The Winnipeg Jets have a history like no other. They were dominant in the WHA, struggled to make the jump to the NHL and as soon as they began to pick up steam – POOF! they were gone. As fans, we are only privy to certain aspects of team chemistry. We may occasionally hear rumours about players’ behaviours in locker rooms, hotels, team busses and on the bench, but, for the most part, fans are silent observers. 2020 has forced us all into a state of reflection, remembering how things were and how they got to where they are now. That’s why it felt important to look at which players impacted the Jets franchise, for the good, the bad and the ugly.
The Good – Teemu Selanne – “The Finnish Flash”
“You keep shooting, you hope it goes in, and you smile” – Teemu Selänne
You would be hard pressed to find a single person in Winnipeg that would tell ‘The Finnish Flash’ to stop shooting because, to many Jets fans, he’s the best they’ve ever seen. Teemu Selänne’s impact in Winnipeg was more than good – it was historic. The young Finn garnered Gretzky comparisons after his record-setting 76 goals and 56 assists in his rookie season. This 1992-93 season was particularly significant because of what happened in 1996: the Jets were moved to Phoenix and, at the time, Winnipeg had no idea if or when they would get their team back. Selänne’s unbelievable rookie campaign not only impacted the Jets’ organization forever, but also the NHL’s record books. This meant that if Winnipeg didn’t ever their Jets back, they could have lived on in infamy through Selänne’s record. Although the Jets never won the Stanley cup or even the Conference Finals – which meant they were at risk of being forgotten – Selänne ensured this wouldn’t be the case and that Winnipeg would never be overlooked.
Teemu loved Winnipeg and they loved him back. So, just like Selänne made sure Winnipeg was never forgotten, Winnipeg continues to make sure Selänne won’t be either. Theirs was a special kind of relationship that has not been replicated since. The young Finn expected to play his whole career in Winnipeg and, even with rumours that the team would be moved to Phoenix in the 1995-96 season, Selänne didn’t want to be traded – he wanted to play the last game in the Winnipeg Arena as a Jet. Unfortunately, the fairytale story of a young Finnish kid coming to the prairies, setting records, tallying 3-6 points in four seasons came to a tragic end when Selänne got the call he was being traded to Anaheim. Teemu was blindsided. He was forced to leave his friends and teammates without saying good-bye and ask his nine-month pregnant wife to travel with him down south. The impact of Selänne was nothing but amazing and the impact of the Jets’ front office choices were devastating to both Selänne and the loyal Jets nation.
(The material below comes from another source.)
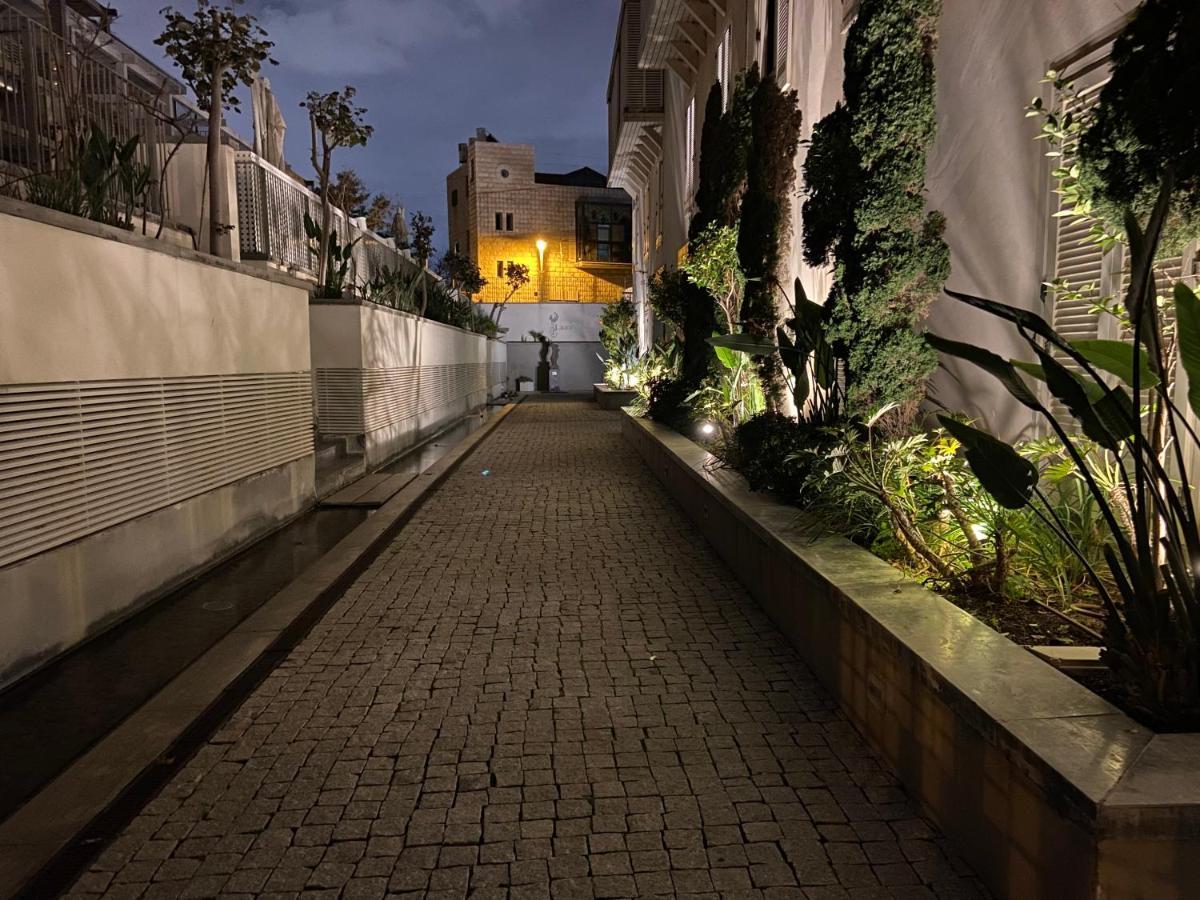 Laura Compound- Authentic 1 Bedroom Charming & Specious تل أبيب المظهر الخارجي الصورة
Even though the writing was on the wall – the Jets were leaving Winnipeg in 1996 – it’s difficult not to wonder what impact Selänne could have had in that final playoff run for the Jets. The numbers suggest that if Selänne had been available to play against the Red Wings, the final game may not have been played on April 28, 1996 and, with a little luck, it could have been played in June during the Stanley Cup finals. Regardless, Selänne didn’t get that chance and neither did the Jets fans, who watched their team do the final skate in Winnipeg Arena without their prodigal son. Selänne wanted to hoist up a Stanley Cup in Winnipeg but Jets fans were still happy when they saw him raise the trophy for Anaheim in 2007. That’s the impact Selänne had on Winnipeg – it didn’t matter what jersey he was in, fans just wanted to see that Finnish smile.